Manning adjusted his lineup for the third consecutive game, opting to give Simon Wright his first start of the season in lieu of Scott. He has reiterated over the three-game span that he is looking for more from all his players.
Interim head coach Danny Manning adjusted his lineup for the third consecutive game, opting to give Simon Wright his first start of the season in lieu of Scott.
Wright did little on the night, playing just five total minutes between both halves and committing two fouls.
Scott may have sat out the first three minutes of the matchup, but he was quick to establish himself. After a 19-point effort against Michigan, Scott was back in business against the Illini with 10 points in the first half.
Some midrange work got Scott his first basket, later a physical drive and a lucky bounce on the ensuing shot kept him rolling.

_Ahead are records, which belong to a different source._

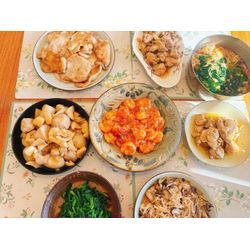 今日は東京の料理代行  2時間7品の画像1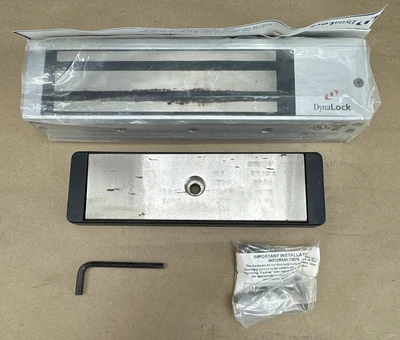 NEW DynaLock 2011-US28-LP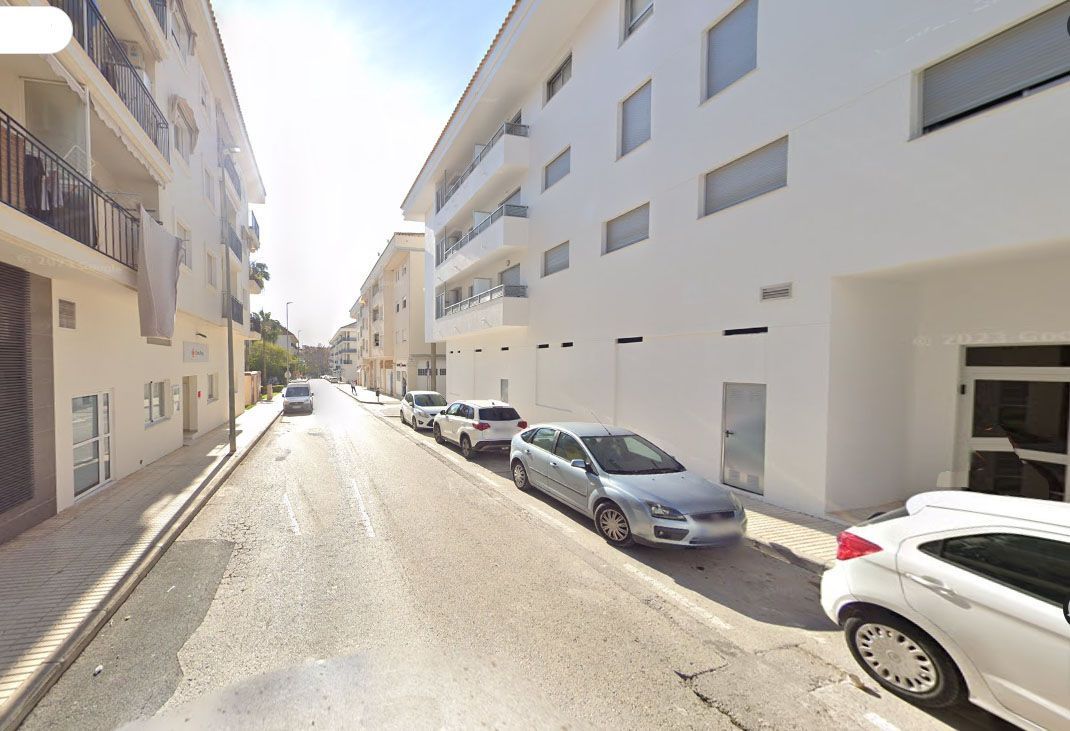 Commerciële Ruimte in Altea, te koop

“This type of game, for him, is what we like to see from the standpoint that he made some three-pointers, stretched the defense out,” Manning said. “But he also put the ball in [play] and got to the rim, drew fouls and put them in tough situations.”
Both teams jockeyed for position in the opening half, but neither was able to get more than four points beyond the other.
Alfonso Plummer got the Illinois offense moving well with a handful of long-range shots. With the absence of Kofi Cockburn in the paint, Plummer made up for it on the wings, going four-of-six from beyond the arc in the first half.
“It’s a hard deal when you’re without, arguably, the best player in college basketball,” Illinois coach Brad Underwood said. “Donta Scott did a great job of taking advantage of the fact he wasn’t there.”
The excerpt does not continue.